Kinetic Sculptures are all-terrain human-powered art sculptures that are engineered to race over road, water, mud and sand. Kinetic Sculptures are usually made from what some people consider “junk”. But one man’s junk is another racer’s raw material. Each Kinetic Sculpture is a work of art and each racing team has its own theme. The teams consist of pilots, pit crew and pee-ons. Kinetic Pilots pedal the sculpture and steer, the pit crew assists the pilots in transforming the vehicle for the various elements and fixing mechanical issues, and pee-ons, well, they do whatever is needed for the team to get glory. The teams give out “bribes” to their adoring spectators, judges and Rutabaga Royalty.

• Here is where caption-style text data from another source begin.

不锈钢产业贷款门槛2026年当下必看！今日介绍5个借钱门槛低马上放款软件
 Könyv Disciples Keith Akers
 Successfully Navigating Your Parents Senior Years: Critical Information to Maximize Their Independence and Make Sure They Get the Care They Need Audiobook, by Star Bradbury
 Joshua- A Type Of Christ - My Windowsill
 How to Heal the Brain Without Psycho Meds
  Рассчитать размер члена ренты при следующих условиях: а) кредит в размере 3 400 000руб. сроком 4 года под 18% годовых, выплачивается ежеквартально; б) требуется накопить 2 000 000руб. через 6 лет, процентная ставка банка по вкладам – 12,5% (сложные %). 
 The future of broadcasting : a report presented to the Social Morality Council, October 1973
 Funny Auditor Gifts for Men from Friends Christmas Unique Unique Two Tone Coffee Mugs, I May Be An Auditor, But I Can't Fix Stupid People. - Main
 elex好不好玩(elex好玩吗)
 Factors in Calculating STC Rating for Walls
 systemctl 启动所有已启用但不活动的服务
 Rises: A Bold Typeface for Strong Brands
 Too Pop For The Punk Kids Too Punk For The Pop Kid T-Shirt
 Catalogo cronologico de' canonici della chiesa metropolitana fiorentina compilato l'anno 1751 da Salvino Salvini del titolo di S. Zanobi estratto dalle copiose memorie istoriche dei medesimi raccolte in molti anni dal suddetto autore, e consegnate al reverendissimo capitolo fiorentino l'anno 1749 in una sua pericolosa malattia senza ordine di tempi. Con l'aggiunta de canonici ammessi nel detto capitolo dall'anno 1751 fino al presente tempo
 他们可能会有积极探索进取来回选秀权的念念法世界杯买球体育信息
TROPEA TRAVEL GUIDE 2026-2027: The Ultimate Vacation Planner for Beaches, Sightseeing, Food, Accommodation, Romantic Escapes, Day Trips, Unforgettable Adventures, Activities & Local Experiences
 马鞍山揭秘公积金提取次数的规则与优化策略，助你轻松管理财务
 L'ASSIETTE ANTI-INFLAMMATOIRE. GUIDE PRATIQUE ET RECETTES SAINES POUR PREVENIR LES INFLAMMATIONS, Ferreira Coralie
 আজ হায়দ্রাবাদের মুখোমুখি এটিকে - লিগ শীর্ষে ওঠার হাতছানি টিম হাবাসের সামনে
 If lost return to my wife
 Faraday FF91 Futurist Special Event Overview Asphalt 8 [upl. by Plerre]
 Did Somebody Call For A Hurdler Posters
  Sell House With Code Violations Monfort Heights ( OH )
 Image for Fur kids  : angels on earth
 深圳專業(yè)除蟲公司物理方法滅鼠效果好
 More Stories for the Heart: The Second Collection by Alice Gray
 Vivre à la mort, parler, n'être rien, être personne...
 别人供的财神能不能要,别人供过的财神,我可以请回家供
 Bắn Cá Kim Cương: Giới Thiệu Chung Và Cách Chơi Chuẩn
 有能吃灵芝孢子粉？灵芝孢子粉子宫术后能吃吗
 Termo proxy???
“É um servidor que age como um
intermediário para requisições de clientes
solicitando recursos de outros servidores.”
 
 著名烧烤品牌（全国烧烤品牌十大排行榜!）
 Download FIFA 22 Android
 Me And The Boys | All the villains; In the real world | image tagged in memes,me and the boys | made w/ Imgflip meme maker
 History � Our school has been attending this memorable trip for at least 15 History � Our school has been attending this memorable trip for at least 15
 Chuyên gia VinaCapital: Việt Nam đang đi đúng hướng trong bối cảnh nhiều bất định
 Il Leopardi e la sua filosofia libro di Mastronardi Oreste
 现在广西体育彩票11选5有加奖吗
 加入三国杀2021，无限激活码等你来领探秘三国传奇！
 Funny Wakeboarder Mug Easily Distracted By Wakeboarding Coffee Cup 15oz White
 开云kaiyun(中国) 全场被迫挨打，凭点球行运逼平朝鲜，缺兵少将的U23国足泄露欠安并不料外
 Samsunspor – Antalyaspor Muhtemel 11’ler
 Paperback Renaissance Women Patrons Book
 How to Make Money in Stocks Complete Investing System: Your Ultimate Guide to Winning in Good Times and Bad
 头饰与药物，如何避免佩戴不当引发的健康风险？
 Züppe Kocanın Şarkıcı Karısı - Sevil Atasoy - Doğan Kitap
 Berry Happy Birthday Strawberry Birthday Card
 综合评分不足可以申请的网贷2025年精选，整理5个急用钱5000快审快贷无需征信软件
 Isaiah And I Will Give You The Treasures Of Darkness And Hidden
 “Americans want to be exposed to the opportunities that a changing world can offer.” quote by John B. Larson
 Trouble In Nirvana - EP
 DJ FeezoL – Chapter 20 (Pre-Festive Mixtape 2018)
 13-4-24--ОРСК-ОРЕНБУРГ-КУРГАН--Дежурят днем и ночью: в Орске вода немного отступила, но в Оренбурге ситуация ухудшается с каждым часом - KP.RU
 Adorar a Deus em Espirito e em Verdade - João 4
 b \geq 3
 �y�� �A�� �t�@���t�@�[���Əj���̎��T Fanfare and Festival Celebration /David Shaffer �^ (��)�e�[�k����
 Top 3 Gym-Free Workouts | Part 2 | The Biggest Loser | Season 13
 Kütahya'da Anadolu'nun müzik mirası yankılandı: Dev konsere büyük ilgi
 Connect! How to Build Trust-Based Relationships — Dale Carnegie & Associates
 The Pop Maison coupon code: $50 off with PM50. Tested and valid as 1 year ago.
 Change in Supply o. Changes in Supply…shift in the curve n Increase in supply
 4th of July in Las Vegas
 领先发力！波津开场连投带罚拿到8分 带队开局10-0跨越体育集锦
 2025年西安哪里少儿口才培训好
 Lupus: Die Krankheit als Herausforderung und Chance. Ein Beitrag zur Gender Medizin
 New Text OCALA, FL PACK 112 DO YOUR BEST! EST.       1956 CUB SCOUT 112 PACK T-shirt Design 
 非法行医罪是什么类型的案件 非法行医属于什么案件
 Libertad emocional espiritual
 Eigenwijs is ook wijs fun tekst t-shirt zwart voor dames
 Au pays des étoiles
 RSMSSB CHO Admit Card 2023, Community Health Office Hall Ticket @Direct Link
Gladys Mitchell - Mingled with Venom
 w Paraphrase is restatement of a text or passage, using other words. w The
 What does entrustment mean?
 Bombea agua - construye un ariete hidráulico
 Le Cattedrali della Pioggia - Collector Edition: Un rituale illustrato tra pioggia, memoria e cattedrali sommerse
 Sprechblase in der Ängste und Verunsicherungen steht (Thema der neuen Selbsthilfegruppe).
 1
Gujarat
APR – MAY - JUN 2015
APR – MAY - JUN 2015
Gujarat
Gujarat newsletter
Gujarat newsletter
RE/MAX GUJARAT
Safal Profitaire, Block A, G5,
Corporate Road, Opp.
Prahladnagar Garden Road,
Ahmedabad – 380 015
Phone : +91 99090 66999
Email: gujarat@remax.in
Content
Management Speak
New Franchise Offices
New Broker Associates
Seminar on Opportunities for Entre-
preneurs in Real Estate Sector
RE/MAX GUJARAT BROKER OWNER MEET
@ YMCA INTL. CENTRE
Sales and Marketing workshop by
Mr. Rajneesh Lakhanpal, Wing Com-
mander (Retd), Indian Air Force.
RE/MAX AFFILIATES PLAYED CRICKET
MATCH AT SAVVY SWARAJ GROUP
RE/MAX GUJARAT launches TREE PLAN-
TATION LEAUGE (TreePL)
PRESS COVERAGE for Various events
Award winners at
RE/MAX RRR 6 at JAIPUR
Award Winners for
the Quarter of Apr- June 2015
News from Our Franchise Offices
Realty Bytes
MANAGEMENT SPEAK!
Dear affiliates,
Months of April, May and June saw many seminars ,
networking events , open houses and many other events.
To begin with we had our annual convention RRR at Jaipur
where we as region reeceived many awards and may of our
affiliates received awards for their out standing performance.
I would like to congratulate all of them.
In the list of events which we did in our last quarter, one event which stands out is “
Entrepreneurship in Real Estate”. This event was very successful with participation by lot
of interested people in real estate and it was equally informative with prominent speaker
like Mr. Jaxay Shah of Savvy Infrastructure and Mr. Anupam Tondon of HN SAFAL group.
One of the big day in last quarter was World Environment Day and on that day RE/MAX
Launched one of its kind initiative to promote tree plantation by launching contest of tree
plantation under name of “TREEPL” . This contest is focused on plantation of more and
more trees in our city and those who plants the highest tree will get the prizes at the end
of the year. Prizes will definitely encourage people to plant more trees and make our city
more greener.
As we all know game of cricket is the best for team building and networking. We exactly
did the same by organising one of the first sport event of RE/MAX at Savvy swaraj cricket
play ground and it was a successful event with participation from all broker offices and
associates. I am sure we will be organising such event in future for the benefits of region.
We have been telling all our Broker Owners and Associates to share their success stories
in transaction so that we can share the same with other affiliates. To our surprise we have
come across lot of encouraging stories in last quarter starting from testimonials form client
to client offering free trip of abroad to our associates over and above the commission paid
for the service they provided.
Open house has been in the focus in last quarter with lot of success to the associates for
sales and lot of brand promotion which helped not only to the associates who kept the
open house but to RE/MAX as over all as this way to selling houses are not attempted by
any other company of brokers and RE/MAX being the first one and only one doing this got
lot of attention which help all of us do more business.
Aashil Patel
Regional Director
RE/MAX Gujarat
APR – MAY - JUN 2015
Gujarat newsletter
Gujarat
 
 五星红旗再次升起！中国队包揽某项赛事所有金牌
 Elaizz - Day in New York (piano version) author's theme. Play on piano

The day we arrived the whole town had turned out for the grand finale, incredible human powered crafts completing the grueling course and finishing in a blaze of glory. Everybody was dressed to the hilt and the alcohol was flowing freely. The event has been going on for 44 years and many of the participants have been involved for years and years. Winners of the event become the judges for subsequent years. 



At Crescent City we entered an area of the Redwoods National Park, into a towering forest of ancient trees. There is something so peaceful and timeless about these special forests. I literally just absorb all that energy of the trees; feeling calmer, steadier and more patient for every moment I spend wandering among the giants. I am forever thankful to the individuals and groups who have fought to preserve these precious places, and hope that more people will understand and appreciate their true value.
Monster nurse log
Yoga amongst the redwoods
Towering trees
Burned out relic (the tree)
Good ol' Oregon
Early evening stroll along the Oregon surf
From there we meandered up half of the Oregon coast seeing the usual spectacular coastal scenery. The weather remained perfect as we cruised into Portland for a short overnight at the home of my long-time college buddy, Rosemary. The next day we made the final crossing back into Washington but only traveled a little way, spending the night at my cousin Cheryl's house. It was a great way to ease into the home stretch.

A secluded little beach hidden away somewhere on the Oregon coast

After meandering 18,982 miles and more than 10 months on the road, I drove us the final leg home. I guess Thayer needed a rest. Handling the RV in busy big city traffic after so many months of backroad travel was a little hair raising but the rig just seemed to want to go faster as we got closer to Bothell.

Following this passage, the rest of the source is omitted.